Indigenous community threatened by a mining project

July 4, 2014
by 
Lawrence Townley-Smith, Member of Development and Peace
B'laan tribal leader Erita DIalang is defending her community against a planned mining project.

A group of 12 Development and Peace members from the Prairies and the Atlantic provinces, accompanied by two staff members, are on a solidarity trip to the Philippines. They will be visiting eight Development and Peace partners and some of their projects in the capital city of Manila, in southern Mindanao and on the islands of Leyte and Samar – where Yolanda (the Filipino name for Typhoon Haiyan) first made landfall on November 8th of last year. We invite you to follow their adventures and learnings as they travel through the Philippines for the next two weeks.

We caught an early flight to Mindanao, a large island in the southern Philippines. Our half day was spent at the Diocesan Social Action Centre (SAC) in Marbel where the director, Fr. Joy Pelina introduced us to their work. Their priority activities are justice and peace, disaster risk reduction and helping indigenous peoples regain control of their ancestral lands. Development and Peace supports the agrarian reform program of the SAC.
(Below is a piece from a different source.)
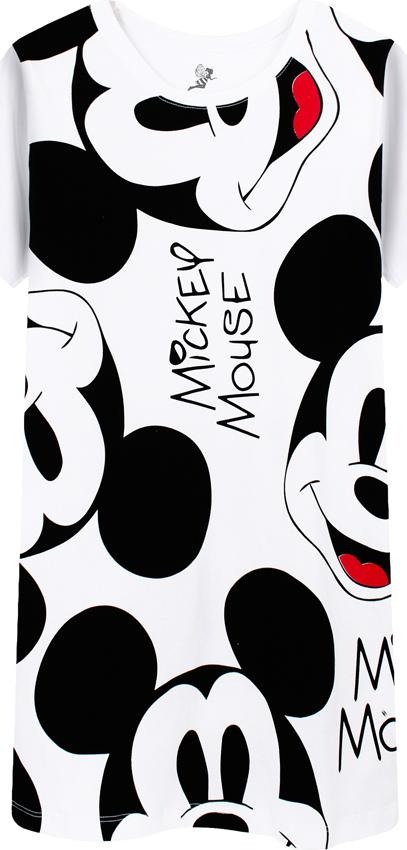 Đầm Thun Form Suông Mickey Face - Trắng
Fr. Joy described a struggle the SAC is supporting to help the B’laan, an indigenous people, regain title to their ancestral homeland. Unfortunately, the land is home to a major deposit of gold and copper, which the multinational Sagittarius Mining Inc. wishes to strip mine. This will create a pit up to 800 m deep on 10,000 hectares of old growth forest that is home to many endemic and endangered species. The mine is expected to massively reduce the water supply to downstream farmers and has a high risk of arsenic contamination in the water that is left. The mine will affect water in 5 watersheds.

Four thousand people will be displaced from the mining area and relocated to lands occupied by others, creating new conflicts. The SAC is providing help and support to tribal leaders such as Erita Dialang. The day of our meeting she was in court, because she had led a demonstration against the forced eviction of her people. Fortunately for us, she was able to join us afterwards and answer many questions about the mine and its expected effects on the traditional lands and way of life of the B’laan.

Every day we meet inspiring people who share their situations and efforts to fix them with us. Today was no exception.